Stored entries
[Start of Attachment]
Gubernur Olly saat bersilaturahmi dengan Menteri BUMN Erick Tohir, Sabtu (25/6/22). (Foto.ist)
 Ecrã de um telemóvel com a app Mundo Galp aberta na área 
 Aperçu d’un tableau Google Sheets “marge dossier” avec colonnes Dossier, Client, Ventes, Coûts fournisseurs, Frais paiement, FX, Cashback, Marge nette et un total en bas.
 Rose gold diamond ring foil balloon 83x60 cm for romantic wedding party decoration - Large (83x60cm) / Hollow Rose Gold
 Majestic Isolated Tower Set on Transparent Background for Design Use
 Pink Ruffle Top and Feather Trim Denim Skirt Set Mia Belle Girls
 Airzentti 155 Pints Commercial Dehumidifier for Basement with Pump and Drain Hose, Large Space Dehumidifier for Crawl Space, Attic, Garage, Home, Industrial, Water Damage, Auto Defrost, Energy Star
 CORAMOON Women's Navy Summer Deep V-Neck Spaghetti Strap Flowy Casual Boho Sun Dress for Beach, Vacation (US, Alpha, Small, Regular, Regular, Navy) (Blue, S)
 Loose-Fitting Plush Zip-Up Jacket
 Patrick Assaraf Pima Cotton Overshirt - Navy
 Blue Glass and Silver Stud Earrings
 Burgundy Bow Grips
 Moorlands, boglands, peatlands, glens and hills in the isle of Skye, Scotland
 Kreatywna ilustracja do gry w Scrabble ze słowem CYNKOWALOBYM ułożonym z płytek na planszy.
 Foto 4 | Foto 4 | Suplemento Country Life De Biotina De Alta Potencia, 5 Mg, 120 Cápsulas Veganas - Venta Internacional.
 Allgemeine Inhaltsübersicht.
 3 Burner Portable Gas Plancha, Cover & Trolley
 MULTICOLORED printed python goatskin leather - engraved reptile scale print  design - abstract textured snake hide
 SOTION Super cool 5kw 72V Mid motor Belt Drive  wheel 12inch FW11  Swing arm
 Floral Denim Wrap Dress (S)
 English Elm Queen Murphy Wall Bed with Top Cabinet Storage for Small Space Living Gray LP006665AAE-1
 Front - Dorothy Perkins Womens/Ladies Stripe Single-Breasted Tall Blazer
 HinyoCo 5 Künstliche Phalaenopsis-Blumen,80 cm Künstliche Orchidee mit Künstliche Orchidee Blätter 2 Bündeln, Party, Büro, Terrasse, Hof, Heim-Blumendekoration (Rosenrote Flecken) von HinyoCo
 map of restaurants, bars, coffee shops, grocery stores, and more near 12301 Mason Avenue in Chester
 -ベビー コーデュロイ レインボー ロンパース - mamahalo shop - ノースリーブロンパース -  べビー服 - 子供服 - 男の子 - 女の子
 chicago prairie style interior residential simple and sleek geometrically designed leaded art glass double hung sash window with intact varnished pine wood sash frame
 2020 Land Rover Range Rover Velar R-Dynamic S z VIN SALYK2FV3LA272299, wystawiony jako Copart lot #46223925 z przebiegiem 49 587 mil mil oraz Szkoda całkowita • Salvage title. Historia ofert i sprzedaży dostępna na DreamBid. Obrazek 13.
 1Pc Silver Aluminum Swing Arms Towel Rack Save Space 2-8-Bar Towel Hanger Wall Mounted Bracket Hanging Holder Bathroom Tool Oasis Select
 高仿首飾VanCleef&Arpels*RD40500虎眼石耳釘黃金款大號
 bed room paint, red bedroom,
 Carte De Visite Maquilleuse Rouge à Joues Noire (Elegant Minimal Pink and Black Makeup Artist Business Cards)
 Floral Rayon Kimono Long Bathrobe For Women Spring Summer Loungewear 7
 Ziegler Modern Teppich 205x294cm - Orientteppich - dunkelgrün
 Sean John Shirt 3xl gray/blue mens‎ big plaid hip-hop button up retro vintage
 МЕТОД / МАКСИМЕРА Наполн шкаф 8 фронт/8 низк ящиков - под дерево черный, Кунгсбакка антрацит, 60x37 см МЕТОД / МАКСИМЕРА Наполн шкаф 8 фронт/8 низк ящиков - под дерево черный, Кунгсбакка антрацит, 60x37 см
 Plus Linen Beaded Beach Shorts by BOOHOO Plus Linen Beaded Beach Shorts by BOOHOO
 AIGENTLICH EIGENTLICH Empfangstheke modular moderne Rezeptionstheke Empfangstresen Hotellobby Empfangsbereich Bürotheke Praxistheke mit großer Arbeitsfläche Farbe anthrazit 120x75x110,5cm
[End of Attachment]
▸ EXERCISE DIRECTIONS: Copy each line exactly, beginning at the one with "60x37 см МЕТОД" and stopping after the last line of the entries. Include nothing else.

▸ RESULT OF THE TASK:
 МЕТОД / МАКСИМЕРА Наполн шкаф 8 фронт/8 низк ящиков - под дерево черный, Кунгсбакка антрацит, 60x37 см МЕТОД / МАКСИМЕРА Наполн шкаф 8 фронт/8 низк ящиков - под дерево черный, Кунгсбакка антрацит, 60x37 см
 Plus Linen Beaded Beach Shorts by BOOHOO Plus Linen Beaded Beach Shorts by BOOHOO
 AIGENTLICH EIGENTLICH Empfangstheke modular moderne Rezeptionstheke Empfangstresen Hotellobby Empfangsbereich Bürotheke Praxistheke mit großer Arbeitsfläche Farbe anthrazit 120x75x110,5cm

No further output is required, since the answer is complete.